# Calamity Fuzz build



## MattHolmes (Aug 2, 2021)

Hi everyone, first post here so please forgive me if I get anything wrong!

I have been building the Calamity Fuzz PCB over the last few days and ran into an issue other people seem to have had in the past. Essentially the problem is that in bypass I'm getting a signal but when I engage the foot switch the LED comes on, there is a 'noise' from the pedal like a faint static and playing with the switches elicits some pops but there is no other noise.

Checking the forums I found out about biasing the J201s which I tried to do, but when I checked the voltage on both drain pins I was getting around 8.2v on each which is a far cry away from the Q1 4v and Q2 400 mV. Checking the voltage on IC1 pin 1 I'm getting around 3.7v which seems very high.

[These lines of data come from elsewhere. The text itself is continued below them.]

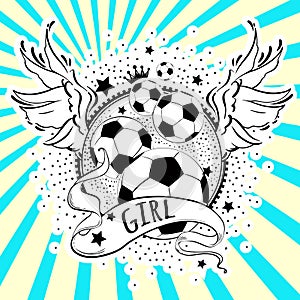 Girly style beautiful high-detailed football logo. Vector illustration in black and white colors on sun ray background.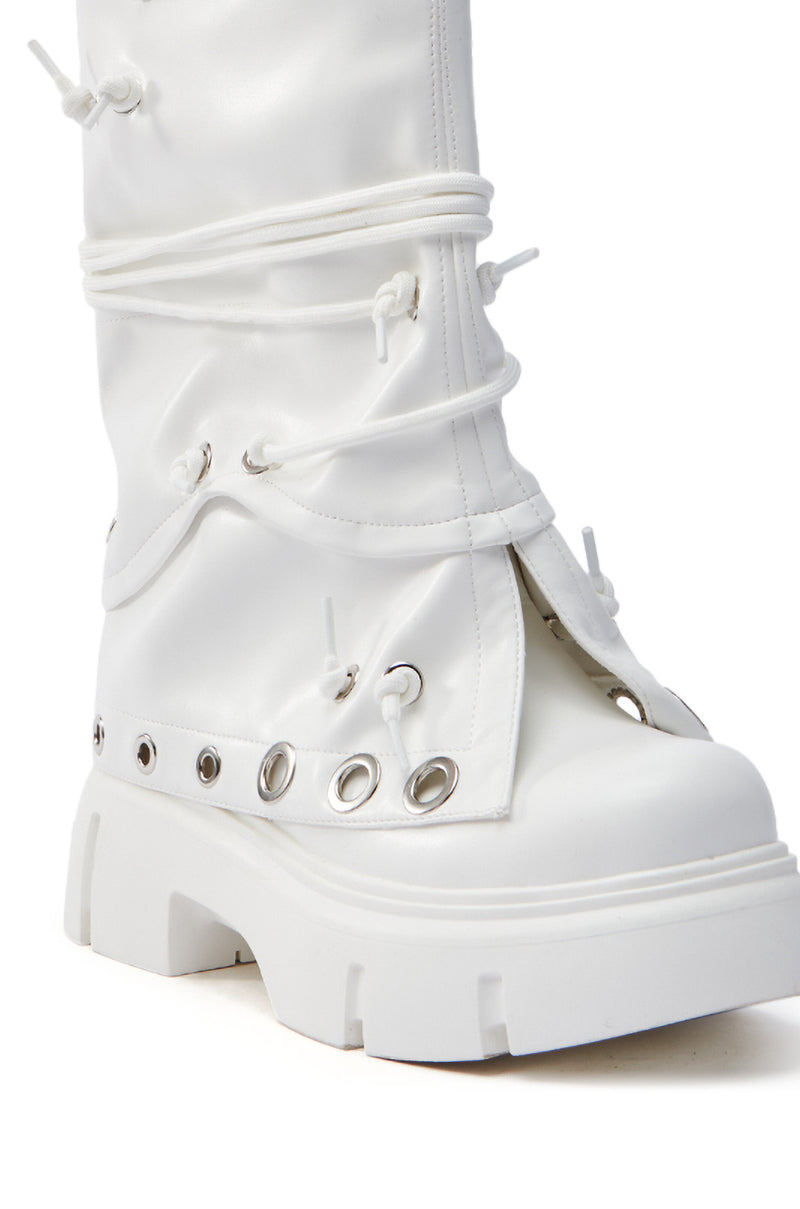 AZALEA WANG CAPIRE WHITE CINCHING COMBAT BOOTIE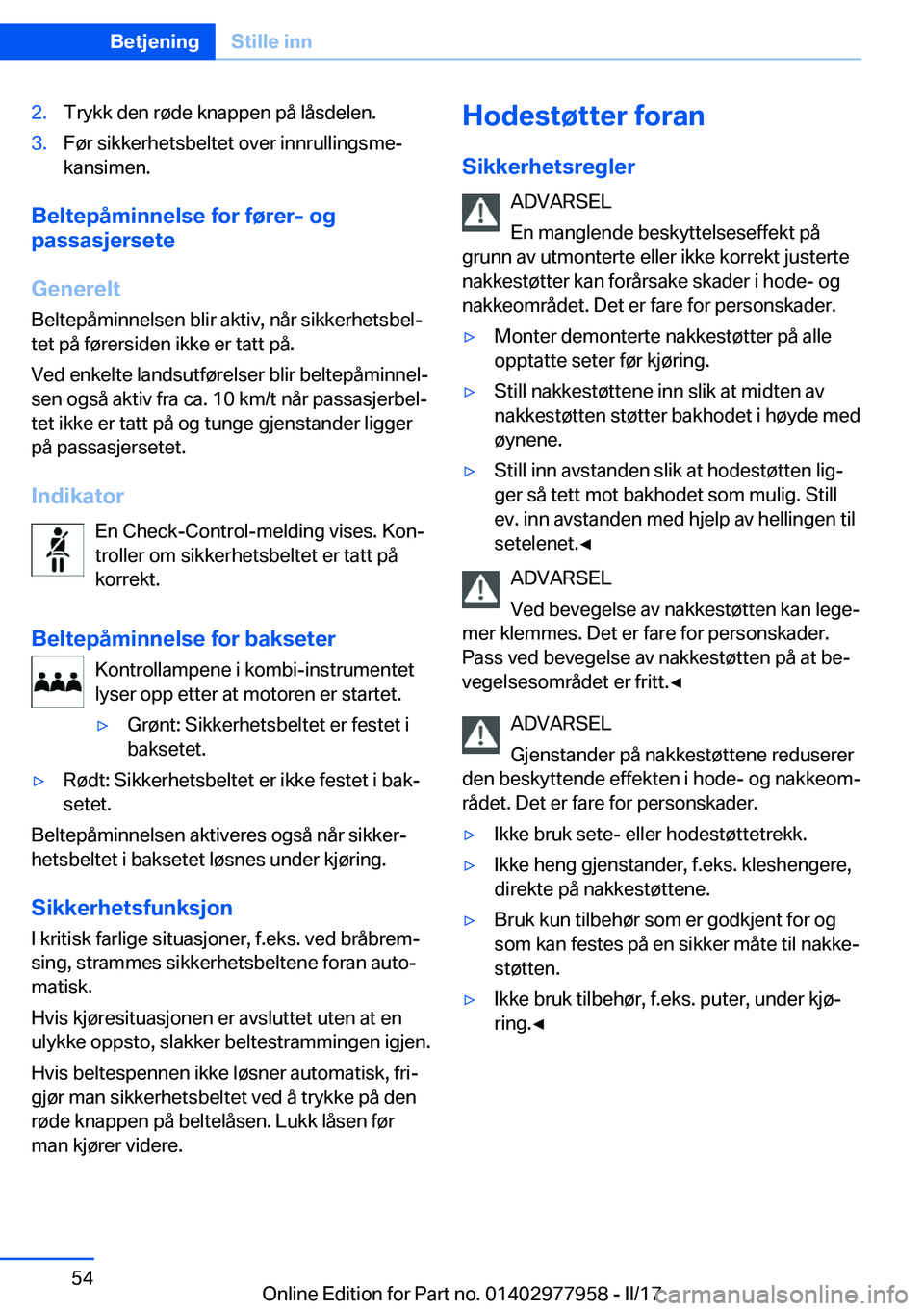 BMW 3 SERIES 2017  InstruksjonsbØker (in Norwegian) �2�.�T�r�y�k�k� �d�e�n� �r�
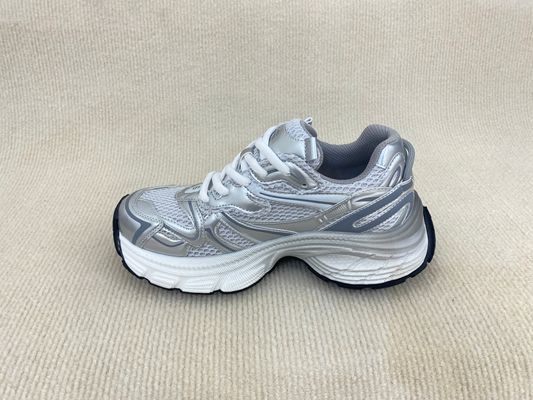 Women white silver sport shoes with thick soled and breathable mesh upper PU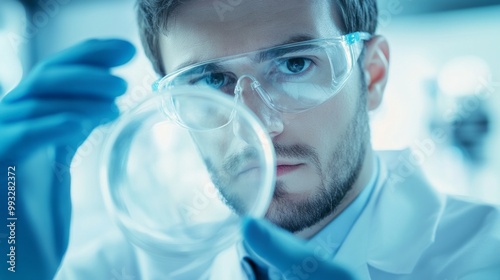 Scientist Examining Petri Dish in Laboratory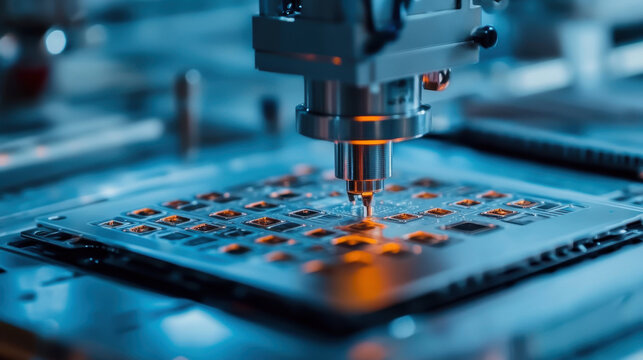 The soldering robot operation with electronic board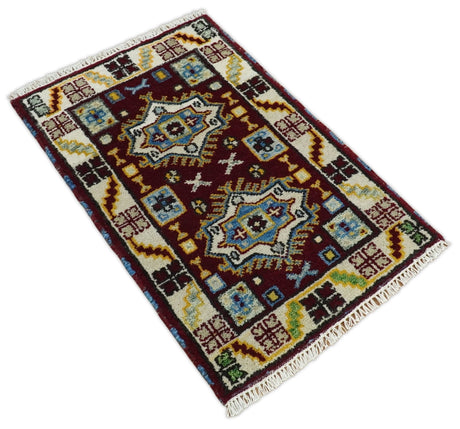 Small 2x3 Red and Beige Wool Hand Knotted traditional Persian Vintage Antique Southwestern Kazak | TRDCP20223
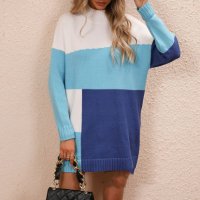 Дамски моден голям пуловер (рокля), 4цвята - 023, снимка 2 - Блузи с дълъг ръкав и пуловери - 39352397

I attempted to bias Q1 and Q2 down to their correct voltages but the only way I could manage it was by getting into the Mohm range for both which told me something was way, way off!

Could anyone recommend anything else I could try? And I apologize now for the quality of my soldering on the board and wiring!

Thanks!

Edit: the two pairs of wires trailing out from the bottom of the board are going to a breadboard with pots on it which I was using to try and correctly bias the j201s


----------



## Cybercow (Aug 2, 2021)

From where dis you source the J201's? There are a lot of fake TO-92 packaged J201 JFETs out there.


----------



## MattHolmes (Aug 3, 2021)

I sourced them from eBay so I have no idea how legitimate they are.

I have ordered some replacement SMT J201s from a different website. I'll try them out and report back


----------



## Stickman393 (Aug 4, 2021)

8.2v on each? 😲

What's your supply voltage, if you don't mind me asking?

If you're at 9V, then that means that you're only seeing a .8v drop across R4 and R6.  Which means that you have a LOT of resistance between your drain and ground.  It's no wonder you're having to dive into the megaohms there.

Something isn't right: either the J201s, or a few bad solder joints.


----------



## MattHolmes (Aug 4, 2021)

My first thought was a bad solder joint somewhere, I have reflowed all the solder joints and cleaned the board but the problem is still much the same.

Supply voltage is around 9.1v, I'm using an old multi pedal power supply for testing. I have measured the power supply at the point it enters the board and can confirm it is 9.1v.

I have some replacement SMT J201 JFETs being delivered today hopefully. I plan on switching them out this evening and providing an update. This is the first time I've come across an issue like this and it's made me concerned about some parts I have on order for a Low Tide build that are also from eBay / China!


----------



## benny_profane (Aug 4, 2021)

If you don't know what to look for with JFETs and how to measure/sort them, I would advise against buying from ebay and stick to verified sources. The extra cost will hopefully be offset by the lack of headaches with builds.


----------



## MattHolmes (Aug 4, 2021)

benny_profane said:


> If you don't know what to look for with JFETs and how to measure/sort them, I would advise against buying from ebay and stick to verified sources. The extra cost will hopefully be offset by the lack of headaches with builds.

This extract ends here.